What is being asked: Strip out the pictures and output each remaining line of the data word for word.

Data shown:

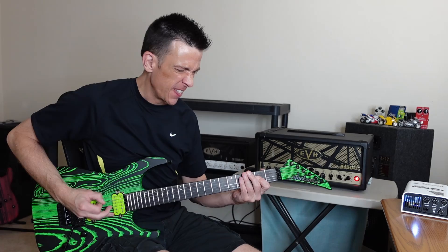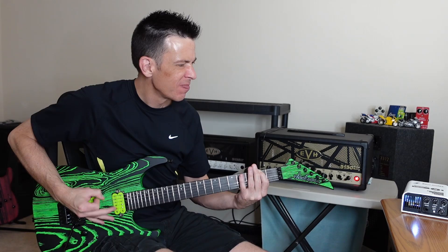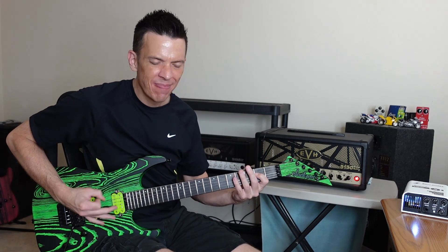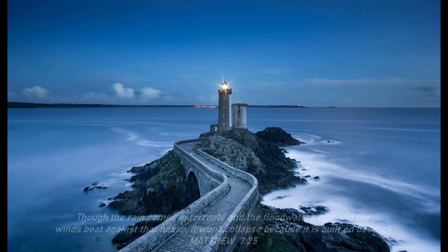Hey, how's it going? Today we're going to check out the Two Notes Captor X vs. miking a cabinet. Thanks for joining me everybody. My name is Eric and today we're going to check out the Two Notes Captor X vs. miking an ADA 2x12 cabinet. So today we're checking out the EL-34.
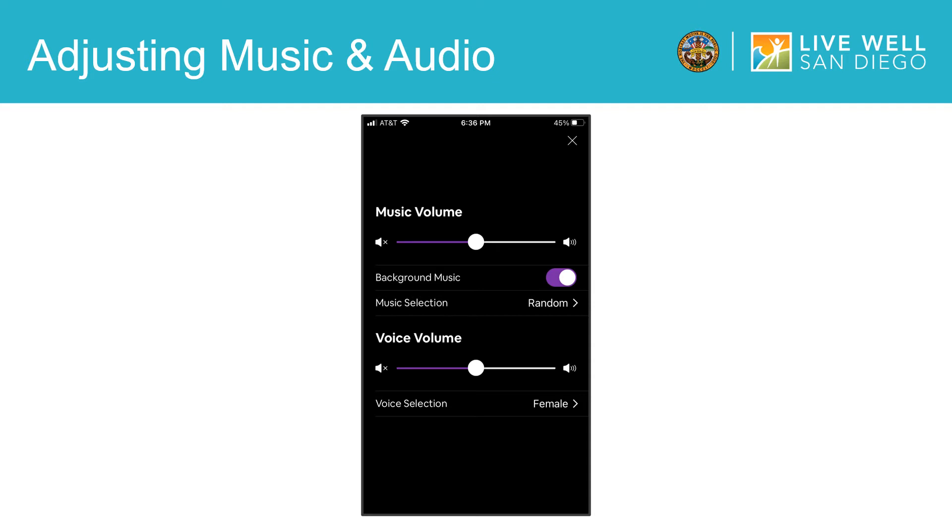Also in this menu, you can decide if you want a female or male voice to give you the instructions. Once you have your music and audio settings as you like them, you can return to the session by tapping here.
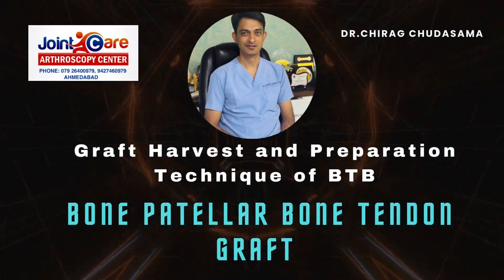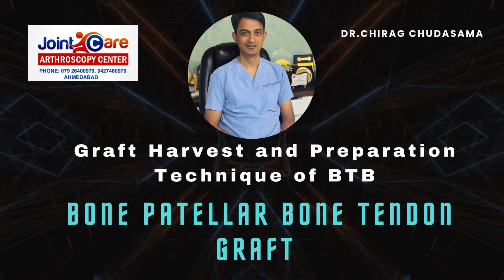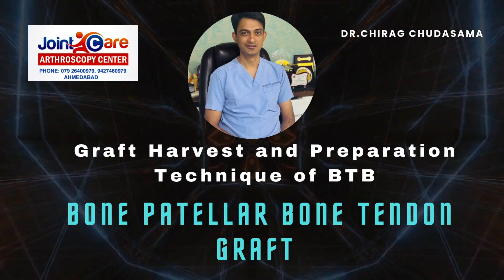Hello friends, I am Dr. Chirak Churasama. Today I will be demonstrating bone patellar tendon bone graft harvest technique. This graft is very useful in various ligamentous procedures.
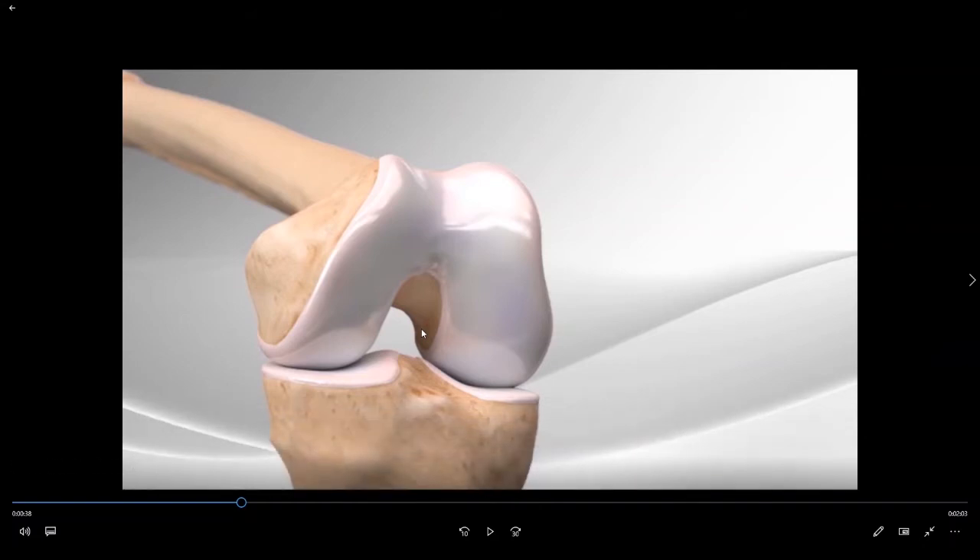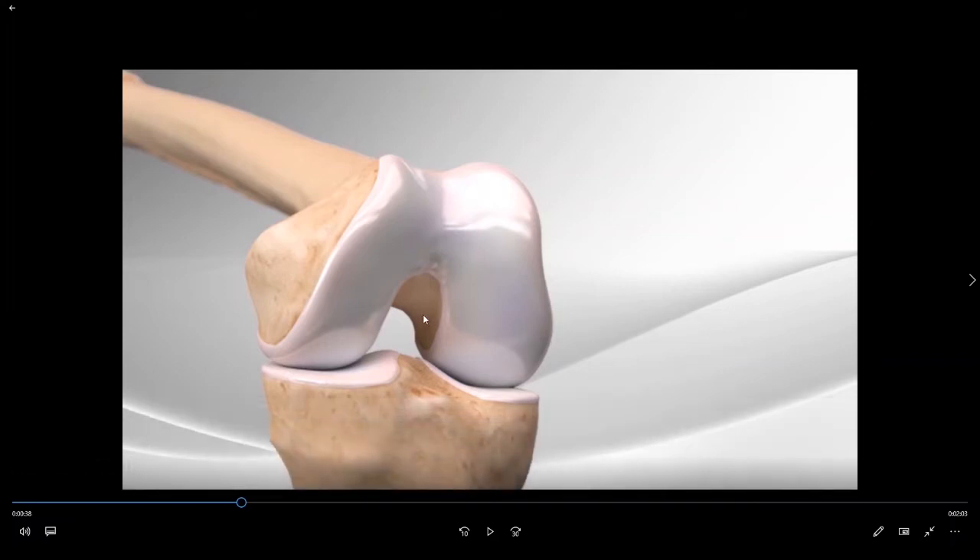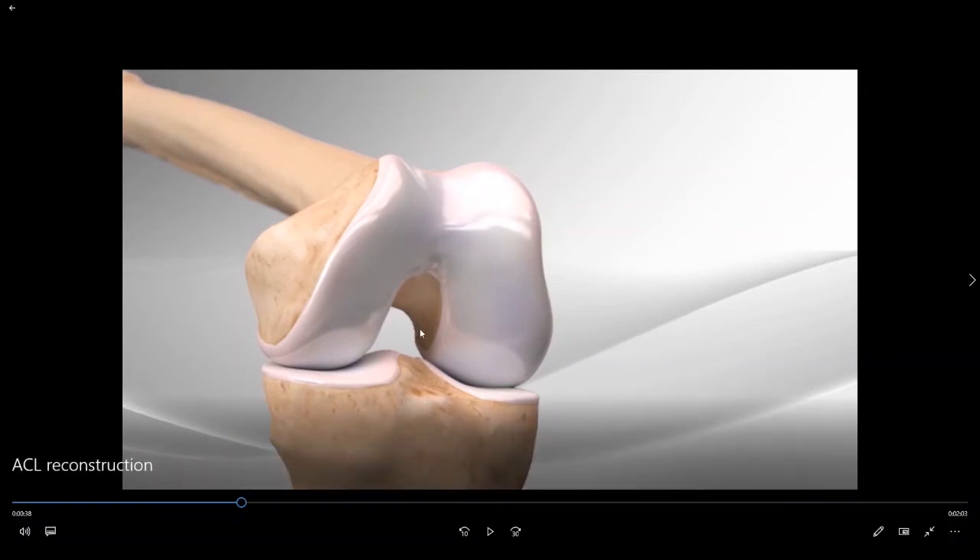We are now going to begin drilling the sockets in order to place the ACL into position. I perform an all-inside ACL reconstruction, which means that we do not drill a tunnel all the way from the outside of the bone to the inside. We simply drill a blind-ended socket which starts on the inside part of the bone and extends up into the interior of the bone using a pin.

Reply to the exercise:
Hey, how's it going? Today we're going to check out the Two Notes Captor X vs. miking a cabinet. Thanks for joining me everybody. My name is Eric and today we're going to check out the Two Notes Captor X vs. miking an ADA 2x12 cabinet. So today we're checking out the EL-34.
Also in this menu, you can decide if you want a female or male voice to give you the instructions. Once you have your music and audio settings as you like them, you can return to the session by tapping here.
Hello friends, I am Dr. Chirak Churasama. Today I will be demonstrating bone patellar tendon bone graft harvest technique. This graft is very useful in various ligamentous procedures.
We are now going to begin drilling the sockets in order to place the ACL into position. I perform an all-inside ACL reconstruction, which means that we do not drill a tunnel all the way from the outside of the bone to the inside. We simply drill a blind-ended socket which starts on the inside part of the bone and extends up into the interior of the bone using a pin.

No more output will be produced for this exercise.